There is a paucity of literature dealing with these issues as well as the ethical and human rights implications of IW on national security. Treatments of IW outside the orthodox IHL framework are nearly non-existent. This is strange since both IHL and IHRL are aimed at protecting the integrity of the human person, but take different approaches towards that end. IHL norms operate within the spatial and temporal constraint of an international armed conflict occurring between two or more states. The body of law assumes that harm will occur, and seeks only to limit the extent of harm.14 In contrast, IHRL norms traditionally operate in peacetime during law enforcement investigations in which investigation is individual, and liability is criminal. Reciprocity in the IHRL context, then, is far less important, whereas IHRL norms are continuous, meaning that the state is accountable through transparent processes. As a result of this confusion and overlap, it is currently unclear what legal rights a state has as a victim of a cyber attack. Even if Estonia could conclusively prove that it was Russia behind the March 2007 attack, could it respond with force, or its own cyber attack? These questions underscore the tension between classifying cyber attacks as merely criminal, or a matter of national security.

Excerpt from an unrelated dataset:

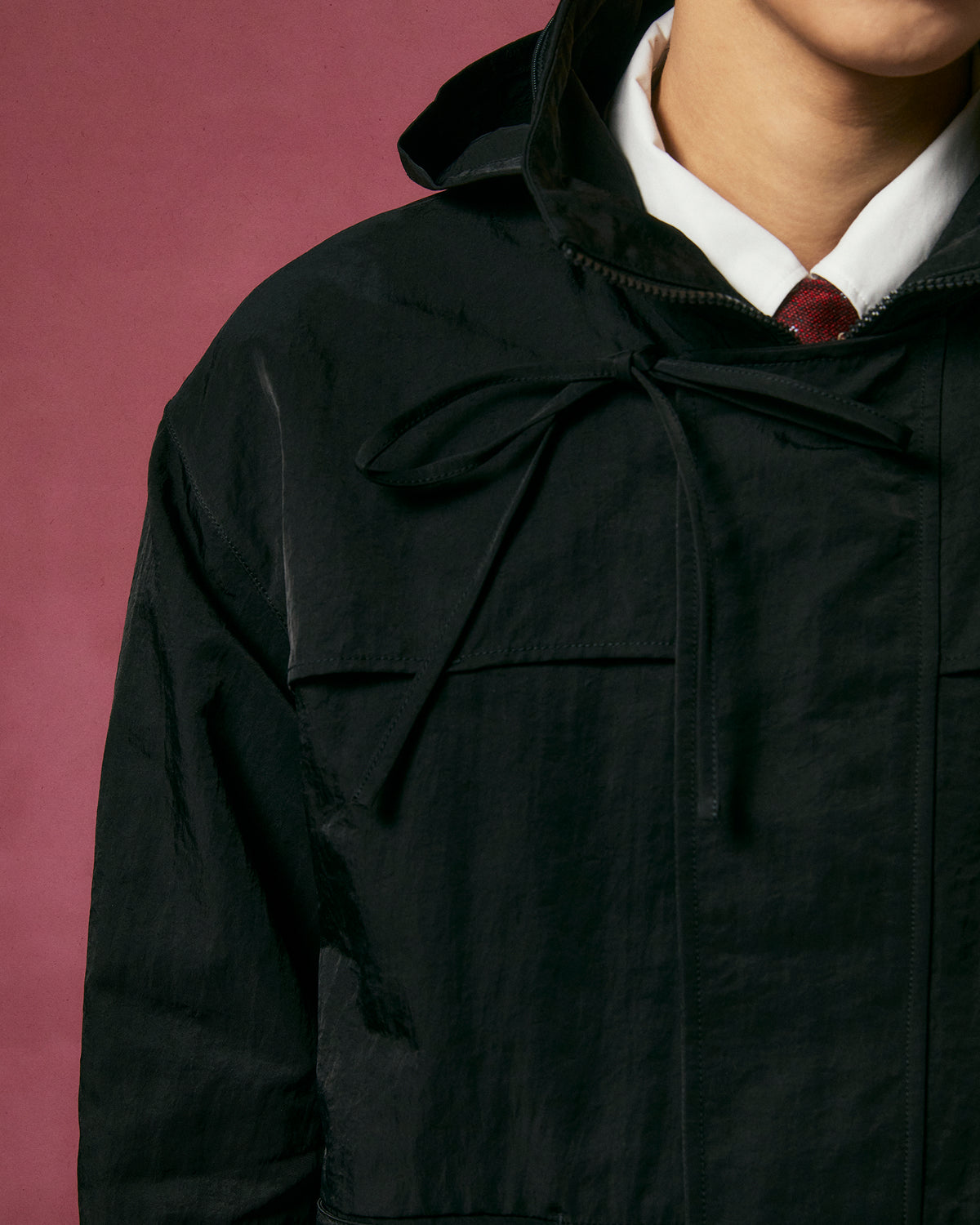 A person wears the Sundae School BLACK HANBOK TRACK JACKET over a white collared shirt and red tie, set against a dark pink background. The cropped image shows only the lower face and upper torso.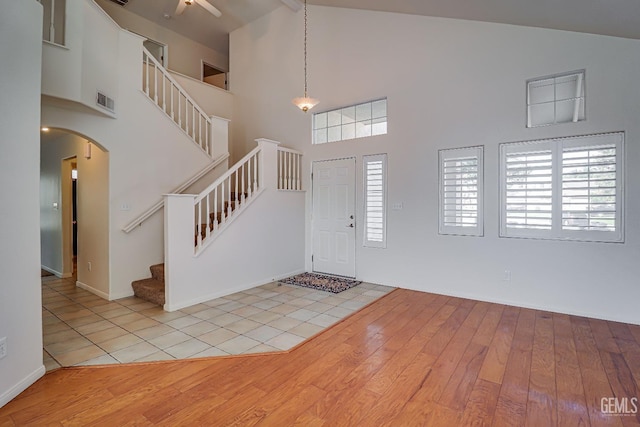 entryway featuring light hardwood / wood-style floors, a towering ceiling, and beam ceiling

The transnational nature of IW suggests that while international legal norms found in the contemporary U.N. Charter law are helpful, the existing treaty framework is insufficient for reaching acceptable solutions to this security dilemma.15 As a result, two options exist – create a new treaty system from whole cloth, or adapt current treaty regimes. This paper will advocate that the best way to ensure a
14 The Hague and Geneva Conventions rely on this system of immediate reciprocity between states.
15 Christopher C. Joyner & Catherine Lotrionte, Information Warfare as International Coercion: Elements of a Legal Framework, 12 Nov. 5 EJIL 835, 865 (2001) (arguing that clearer rules are needed for what self defense responses are permissible to cyber attacks and how international institutions might facilitate the attainment of these objectives.).